For years, enterprises have dealt with security analytics and operations using an assortment of point tools. According to research by my employer ESG, 35% of organizations today use more than 26 such commercial, homegrown, and/or open source tools in their security operations center (SOC).
Too many tools lead to a host of well-known problems. Each tool needs to be installed, configured, and operated. Security analytics tools can be complex, requiring well-trained and skilled personnel for operations. Finally, each tool presents its own interpretation of situational awareness based upon the data it analyzes. Gathering a complete perspective of security across the enterprise depends upon experienced analysts’ ability to piece together the output of these siloed security analytics tools. This has proven to be ineffective and inefficient.
I saw this situation several years ago and felt like there had to be a better way. This led me to come up with the security operations and analytics platform architecture or SOAPA (see Figure 1). SOAPA is meant to create technology integration across 4 layers: data management services, software services (i.e. middleware), analytics services, and security operations services.
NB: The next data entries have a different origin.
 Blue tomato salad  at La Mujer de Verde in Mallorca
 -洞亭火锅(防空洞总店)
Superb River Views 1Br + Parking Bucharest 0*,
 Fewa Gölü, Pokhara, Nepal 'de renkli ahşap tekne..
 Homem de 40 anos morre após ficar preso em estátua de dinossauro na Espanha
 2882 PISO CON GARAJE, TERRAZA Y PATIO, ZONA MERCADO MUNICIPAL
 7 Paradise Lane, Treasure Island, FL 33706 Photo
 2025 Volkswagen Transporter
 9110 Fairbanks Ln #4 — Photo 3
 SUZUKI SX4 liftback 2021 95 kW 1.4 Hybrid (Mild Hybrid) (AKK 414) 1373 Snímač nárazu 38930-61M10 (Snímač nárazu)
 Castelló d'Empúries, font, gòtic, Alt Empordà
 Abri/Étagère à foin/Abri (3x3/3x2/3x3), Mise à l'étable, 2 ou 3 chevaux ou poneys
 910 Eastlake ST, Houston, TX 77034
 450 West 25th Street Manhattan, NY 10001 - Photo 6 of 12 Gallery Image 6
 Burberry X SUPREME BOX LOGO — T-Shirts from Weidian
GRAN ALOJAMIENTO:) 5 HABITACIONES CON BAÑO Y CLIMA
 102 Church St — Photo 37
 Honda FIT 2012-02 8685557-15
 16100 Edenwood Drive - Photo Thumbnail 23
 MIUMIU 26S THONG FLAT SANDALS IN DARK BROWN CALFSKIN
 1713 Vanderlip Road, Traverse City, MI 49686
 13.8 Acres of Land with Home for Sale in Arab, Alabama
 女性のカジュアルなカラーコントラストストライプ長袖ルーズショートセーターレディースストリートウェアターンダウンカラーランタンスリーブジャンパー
This level of integration would let security analytics tools share and exchange data, allowing analysts to move easily from one tool to another and then pivot to security operations platforms to act upon the data for problem remediation and risk mitigation.
SOAPA integration continues to progress, and organizations that integrate security operations tools report positive results. That’s great, but analysts are still forced to look at different user interfaces for different tools. Yes, they can do this more efficiently now than in the past, but can’t the security community do any better than this?
I believe that it can through a common user interface that supports multiple, and potentially all, security operations tools. This UI could span across SOC processes, from incident detection and triage, through investigations, to case management, and finally security operations actions. Individual analysts could customize the interface to accommodate their job responsibilities, experience level, and even their favorite colors. Heck, there could even be a version of the UI for CISOs and business managers to keep track of security status, tailored to their specific skill sets and requirements.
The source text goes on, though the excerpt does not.